The alleged suicide bomber has been identified by authorities as Hafeez Abbasi, a young man in his early 20s.
Sources in the Sindh police’s Counter-Terrorism Department told Dawn that their counterparts in Balochistan had shared with them a preliminary report of the suicide explosion and they carried out further work here.
Law enforcers believe IS is flourishing in Pak-Afghan border area
The CTD-Quetta had provided fingerprints of an unclaimed body to the CTD-Sindh to match it with the record of the National Database and Registration Authority. It transpired that the alleged suicide bomber was a resident of Gharibabad Mohalla in Dhabeji, Thatta.
A special CTD team was immediately sent there on July 17 and to their utter surprise, his father, Mohammed Nawaz, without any hesitation told them that his son Hafeez had been shifted to Afghanistan’s Spin Boldak area.
Three sisters, two brothers living in Afghanistan
Mr Nawaz, who is living with another son, Haq Nawaz, in Thatta also told the CTD team that not only Hafeez but his wife, his two other sons and three daughters had also been shifted to Afghanistan.
The family originally hailed from Molia village in Abbottabad.
They said that Abbasi had studied at a seminary in Shah Faisal Colony for three years where he adopted the path toward militancy. His certain colleagues at the seminary were instrumental in motivating him towards militancy and they allegedly sent him to Afghanistan.
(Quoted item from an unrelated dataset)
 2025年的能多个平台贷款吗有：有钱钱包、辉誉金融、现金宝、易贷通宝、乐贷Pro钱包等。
The sources disclosed that as per information provided by his father, his three daughters, who had been shifted to Afghanistan, were ‘Alima’ (religious scholars) and two of them had married IS militants there.
His two more sons, Abdul Aziz and Abdul Shakoor, were also living in Afghanistan, they said, adding that Shakoor recently told his father that now “it’s his turn” to become a suicide bomber, said the sources.
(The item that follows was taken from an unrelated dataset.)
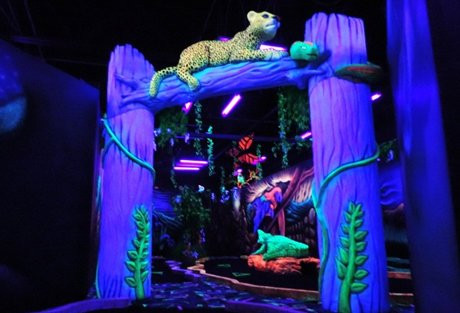 Shankz 3d Black Light Mini Golf And Pizza景点图片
Abbasi’s eldest sister was married and lived with her family in their hometown in Abbottabad.
The suspected bomber’s father along with his son used to sell milk and vegetables in the Dhabeji area.
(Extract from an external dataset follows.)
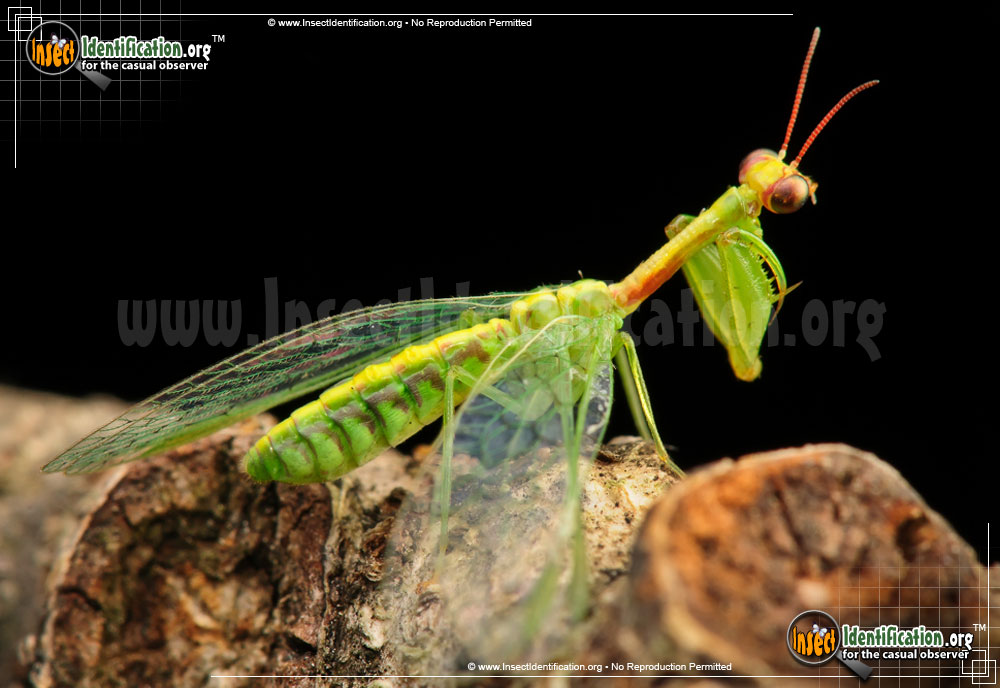 Full-sized image of the Green-Mantisfly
The CTD sources said that the father did not show any remorse or express any feeling of sadness when they informed him that his son had carried out a suicide attack in the Mastung rally.
Links with former Karachi TTP chief
The father told the CTD that Abbasi was working with Haji Daud there.
A CTD official told Dawn, on the condition of anonymity, that Haji Daud, also known as Daud Policewala, was a policeman in Karachi till mid-2000. He was also appointed as the city chief of the banned Tehreek-i-Taliban Pakistan (TTP) by now slain Mullah Fazlullah.
The official said they got reports that Haji Daud had developed differences with Mullah Fazlullah as he joined the militant Islamic State group. He was also reportedly injured in a clash with TTP militants there.
The sources said that the CTD officials got the mobile phone number of Hafeez from his father and by using latest technology they came to know that he had arrived in Chaman from Afghanistan on June 29.
He was also in touch with at least nine persons, including three belonging to Sindh, they added.
The alleged bomber was later moved to Qila Abdullah and subsequently to Mastung, where he had carried out the suicide attack on Siraj Raisani’s election rally.
The CTD-Sindh informed their counterparts in Balochistan about Abbasi’s alleged handler in Qila Abdullah and his local facilitator in Mastung.
Important arrests made
In Karachi and Thatta, the sources added that law enforcement agencies conducted raids and made “some important arrests”.
A CTD official feared that Abbasi’s younger brother Shakoor, who is a teenager, might carry out a terrorist attack.
The official, who wished not to be named, told Dawn that they had arrested some members of the IS network in Karachi.
He added that concerted efforts were under way to ‘dismantle’ the group before it could strike again in the country.
The CTD official believed that IS was “actively flourishing and being patronised by foreign intelligence agencies” in Spin Boldak “to sabotage the election process, trigger destabilisation in the country and to mainly target CPEC [China-Pakistan Economic Corridor- related activities”.